Stored data entries -
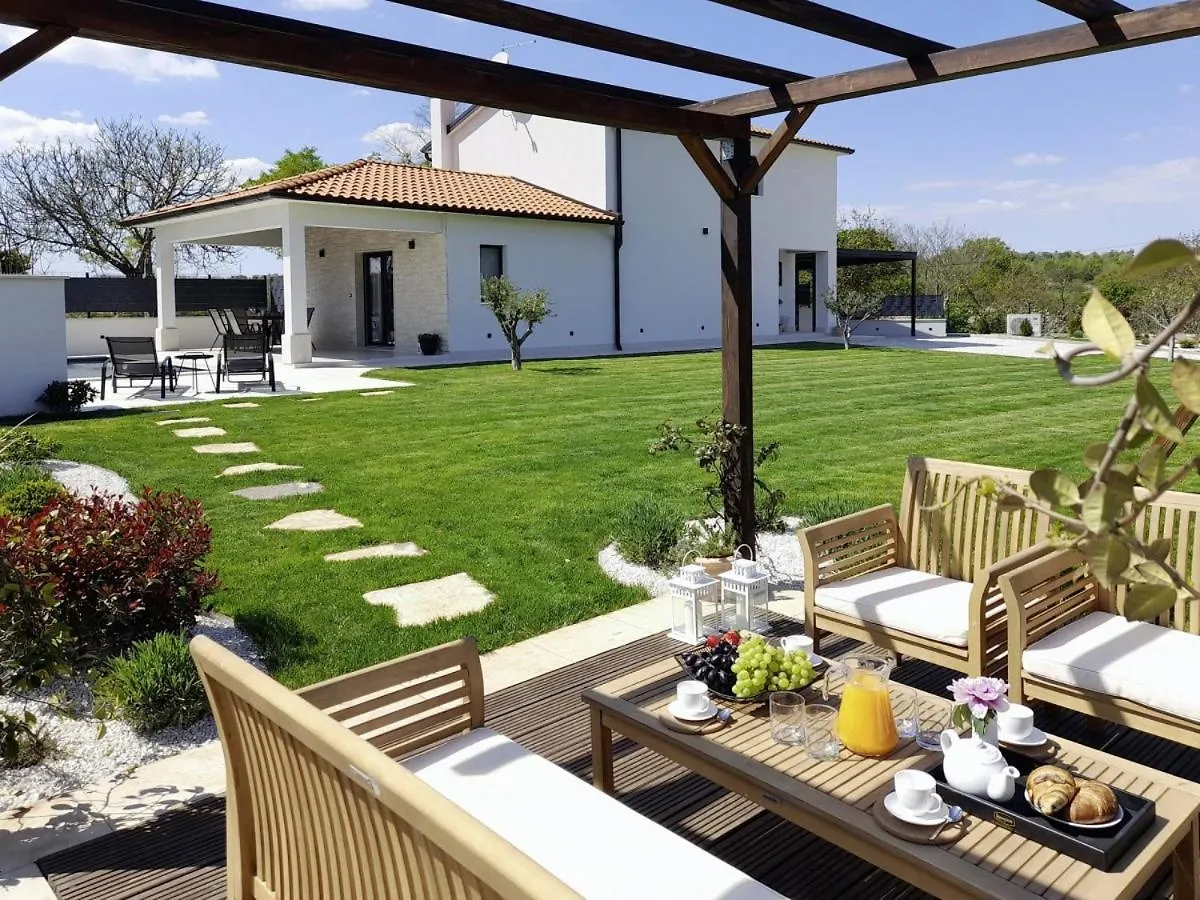Villa Stare Brajde In Vela Traba - Haus Fuer 6 Personen Pazin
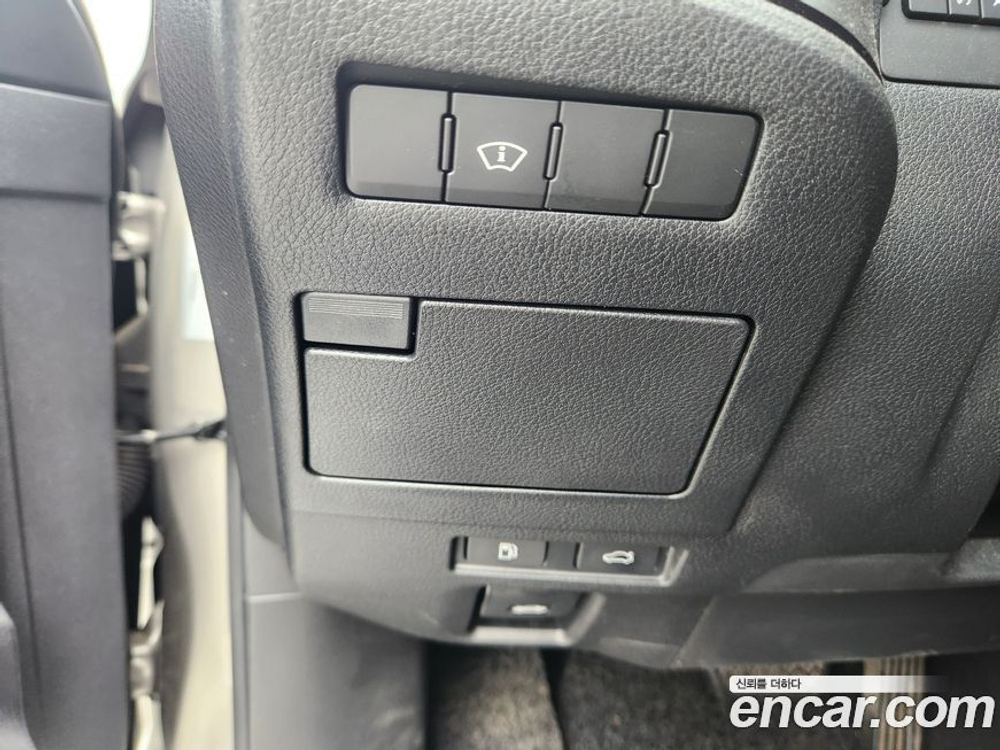 Lexus ES300h 7 Generation Luxury Plus (04.2021)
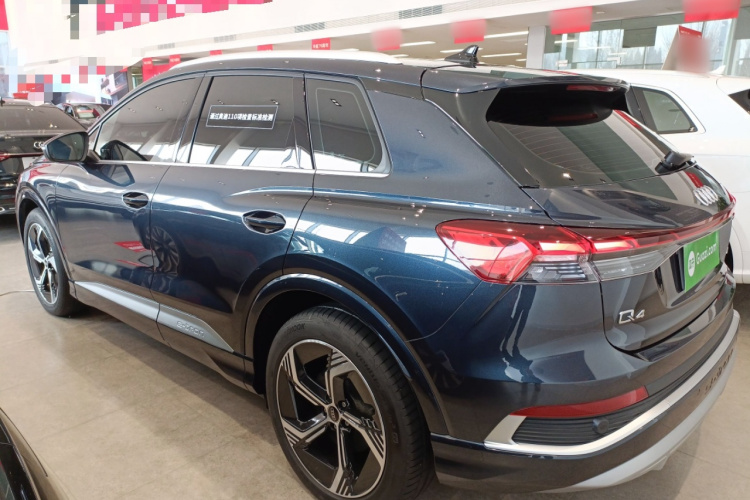 奥迪Q4 e-tron 2024款 40 e-tron 创境版车身外观4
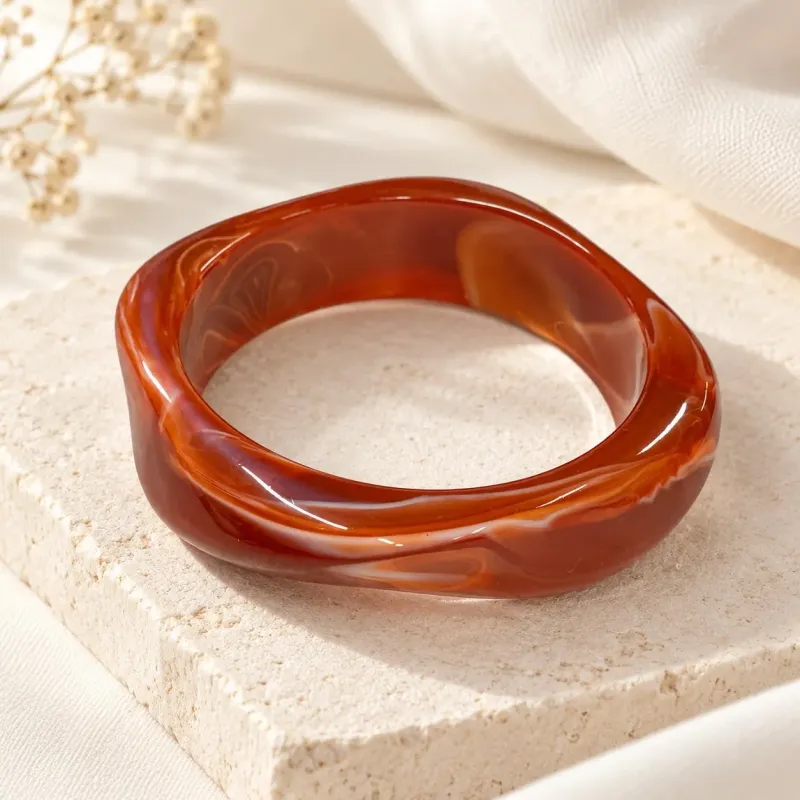Bracelet Jonc Ondulé en Résine Marbrée Ambre – 65 mm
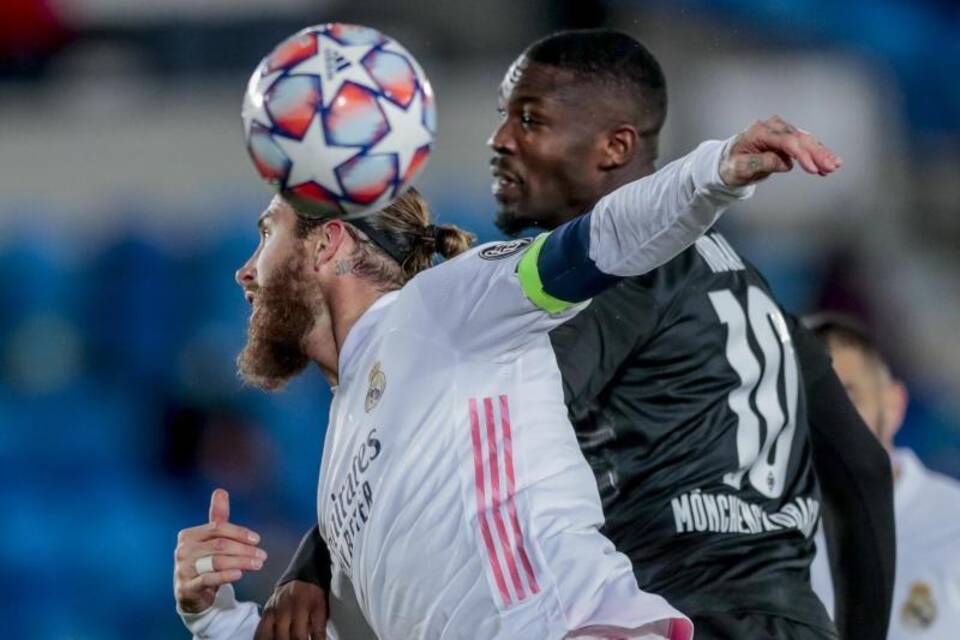 Sergio Ramos (l.) und Marcus Thuram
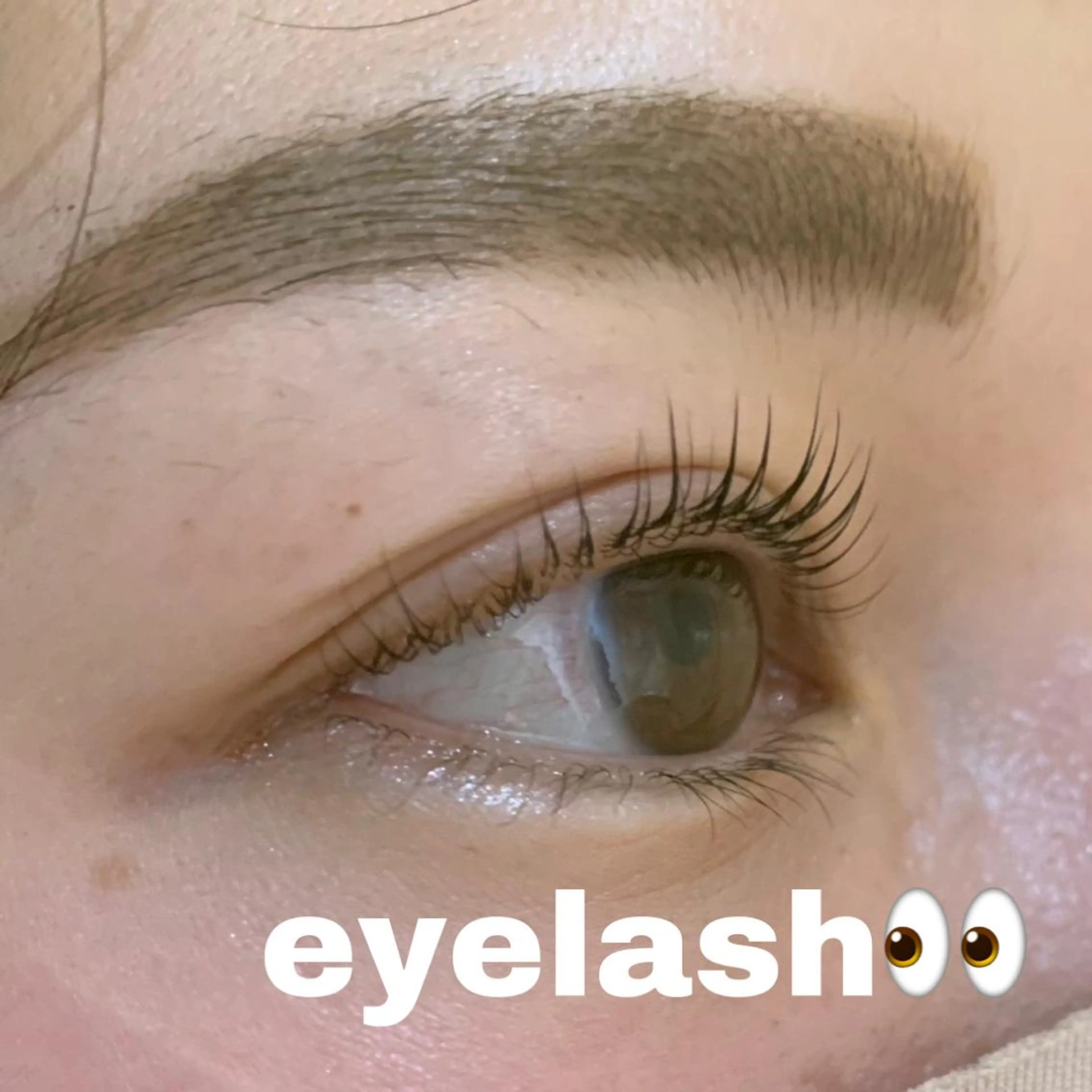 マツエク・マツパ 暖色カラー/レイヤー カット/Yunaのヘアスタイル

What needs to be done - Only the text of the entries belongs in the answer, copied exactly; the pictures stay out.

Written solution -
Villa Stare Brajde In Vela Traba - Haus Fuer 6 Personen Pazin
 Lexus ES300h 7 Generation Luxury Plus (04.2021)
 奥迪Q4 e-tron 2024款 40 e-tron 创境版车身外观4
Bracelet Jonc Ondulé en Résine Marbrée Ambre – 65 mm
 Sergio Ramos (l.) und Marcus Thuram
 マツエク・マツパ 暖色カラー/レイヤー カット/Yunaのヘアスタイル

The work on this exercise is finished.